(DIRECTIONS FOR THIS TASK)
Any pictures in the records below must be left out when you repeat the lines from the line containing "APx Acquisition Corp. I" through the line containing "512 Sheridan Avenue photo 40" exactly.

(DATA PROVIDED)
***
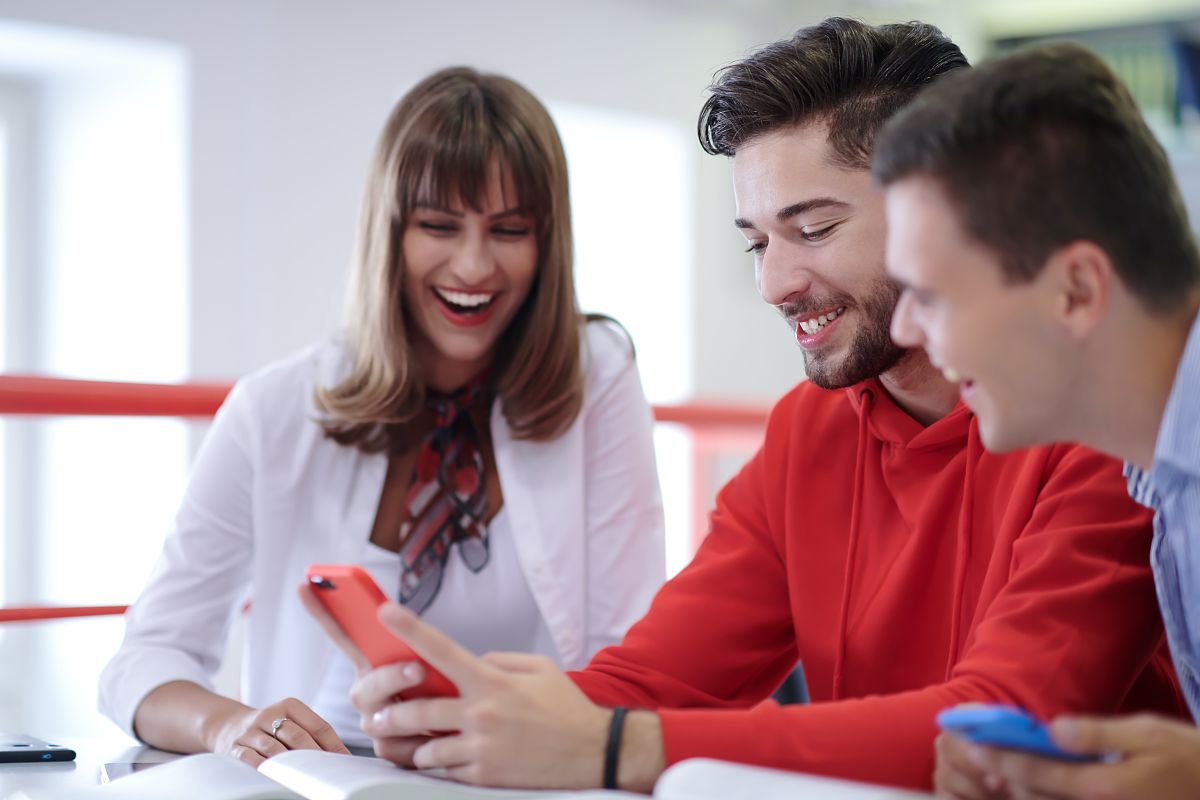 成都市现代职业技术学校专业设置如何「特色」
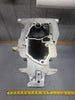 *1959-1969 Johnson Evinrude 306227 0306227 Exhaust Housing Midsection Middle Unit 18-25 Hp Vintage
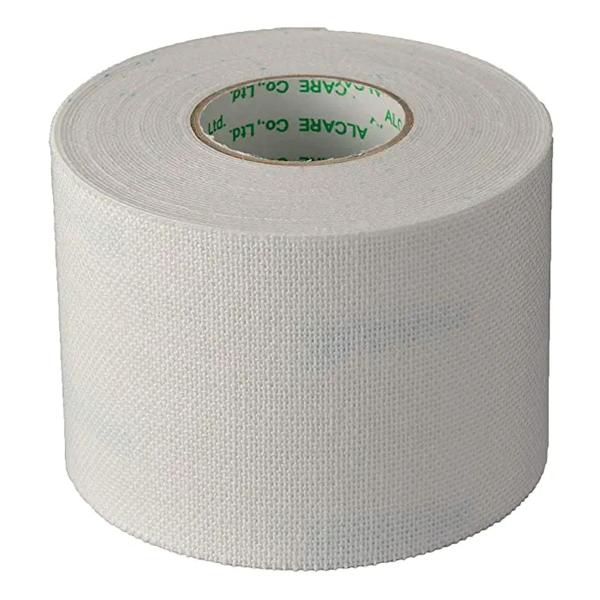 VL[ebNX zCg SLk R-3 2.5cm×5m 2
***
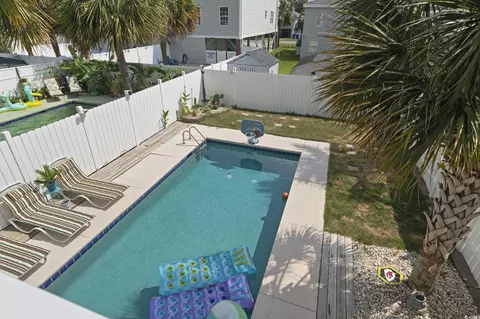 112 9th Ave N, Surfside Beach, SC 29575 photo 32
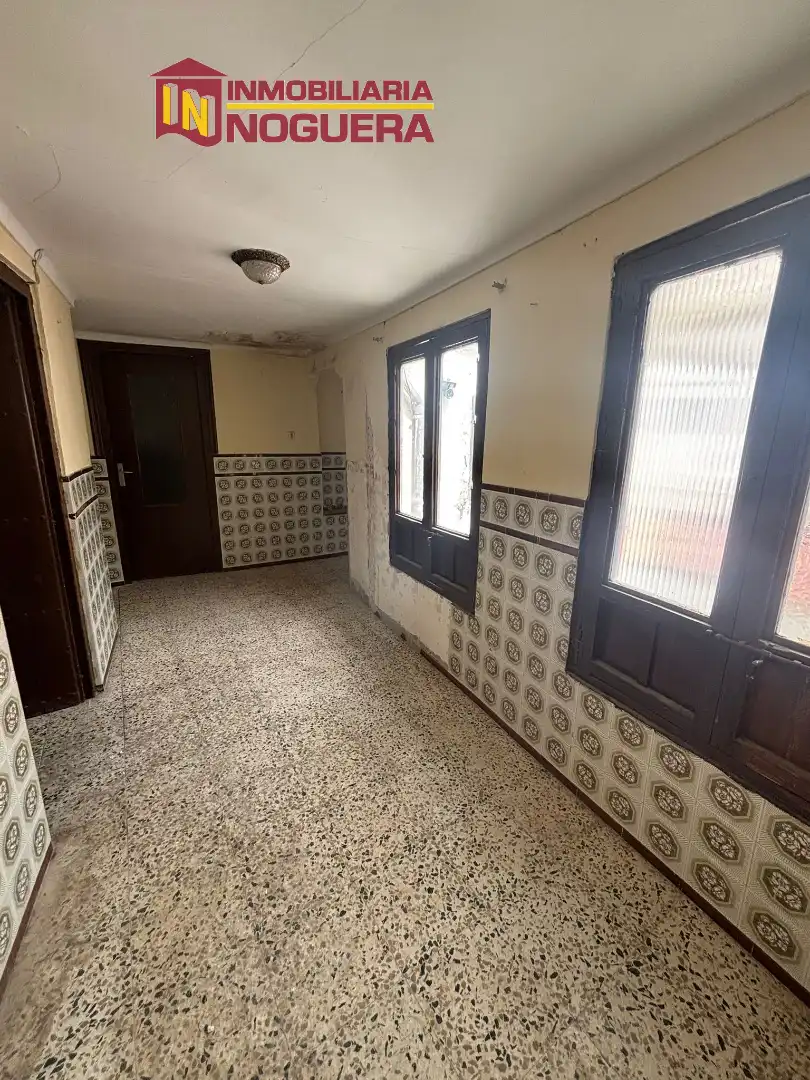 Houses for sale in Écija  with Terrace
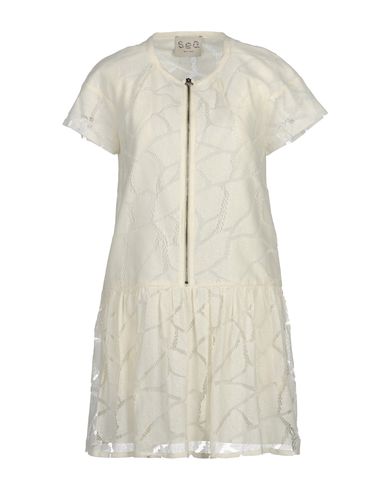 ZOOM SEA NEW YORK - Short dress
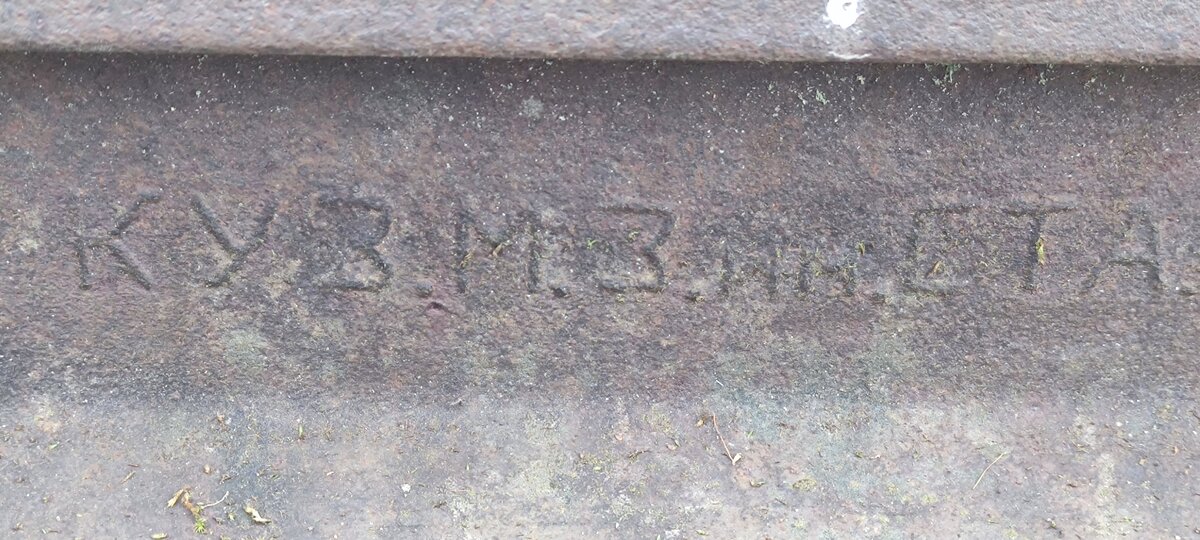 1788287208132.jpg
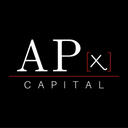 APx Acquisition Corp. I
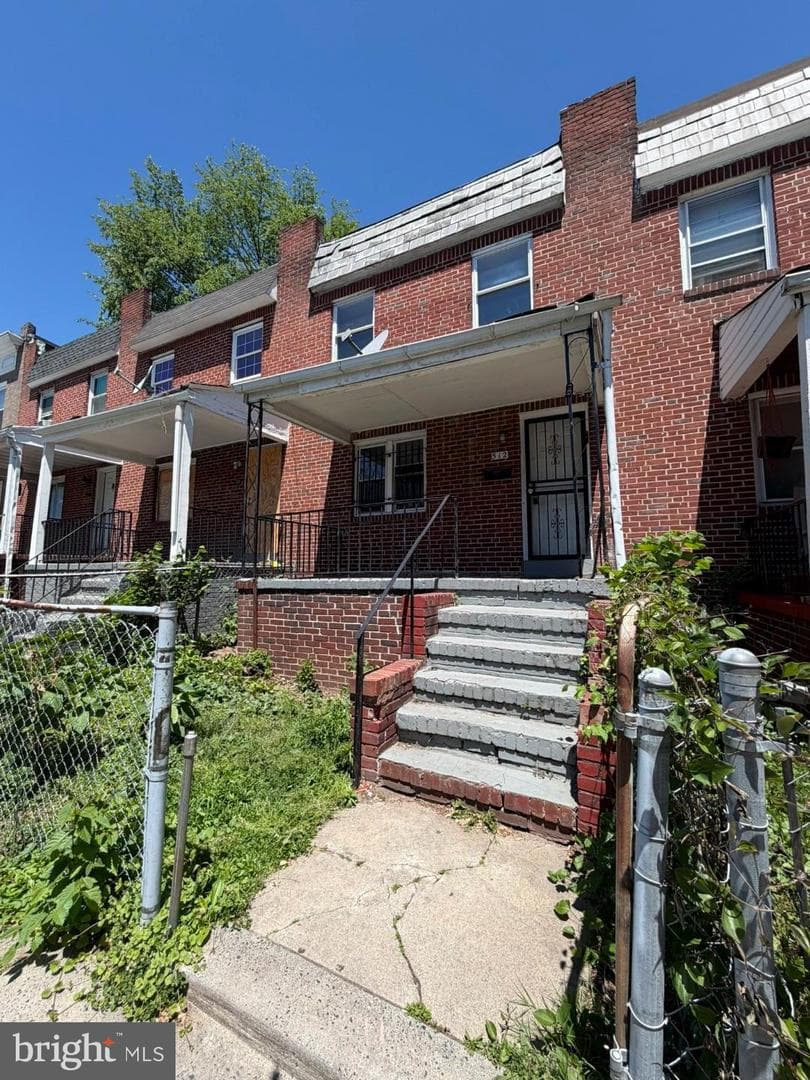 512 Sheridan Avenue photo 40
***
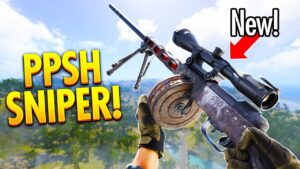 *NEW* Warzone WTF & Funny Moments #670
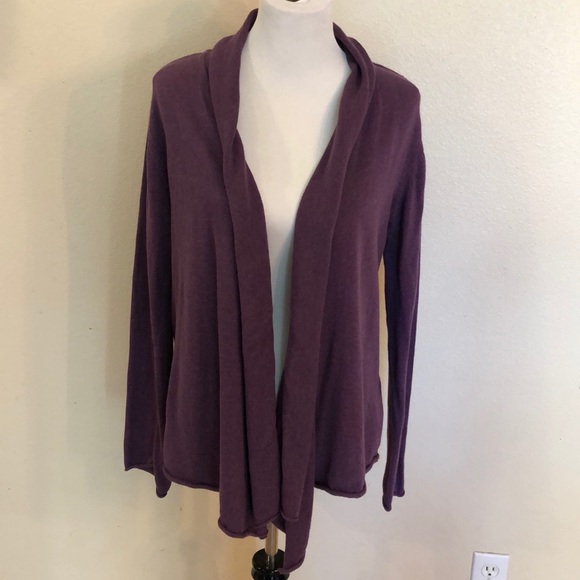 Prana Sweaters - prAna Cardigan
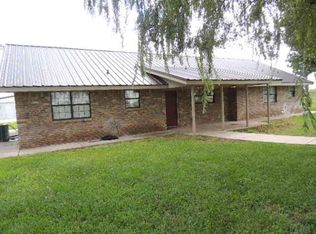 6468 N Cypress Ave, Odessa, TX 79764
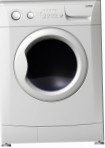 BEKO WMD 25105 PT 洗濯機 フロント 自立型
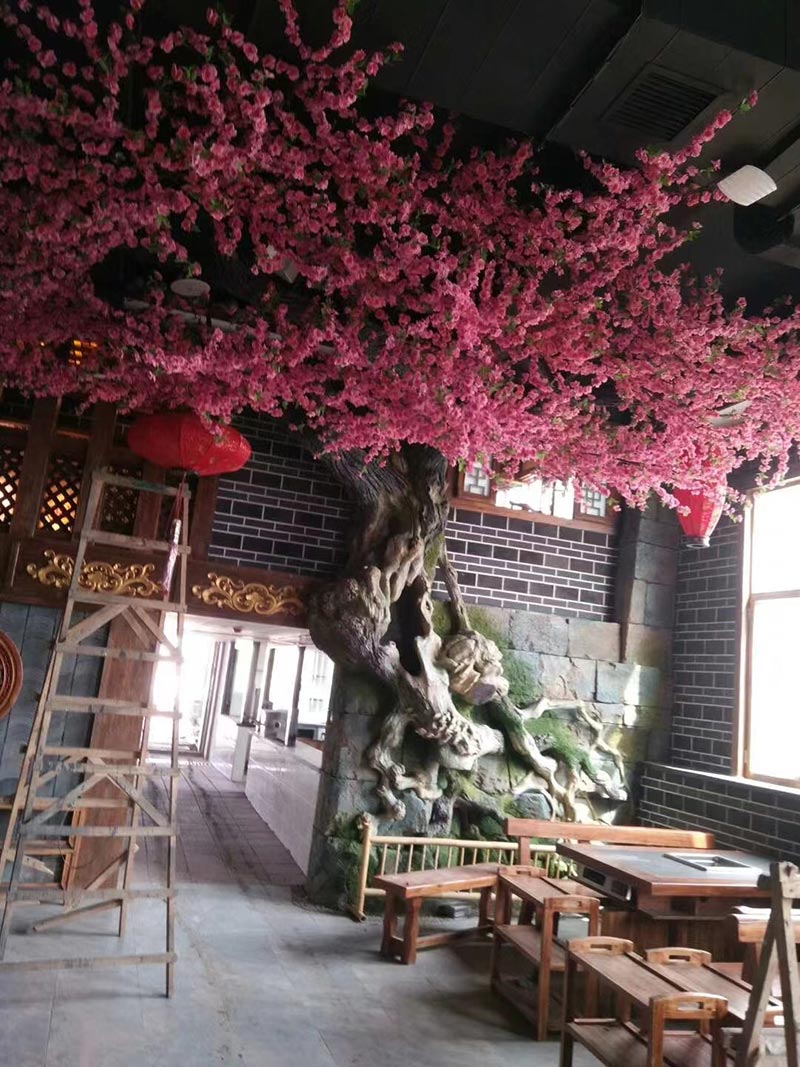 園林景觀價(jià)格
***
(TASK SOLUTION)
 APx Acquisition Corp. I
 512 Sheridan Avenue photo 40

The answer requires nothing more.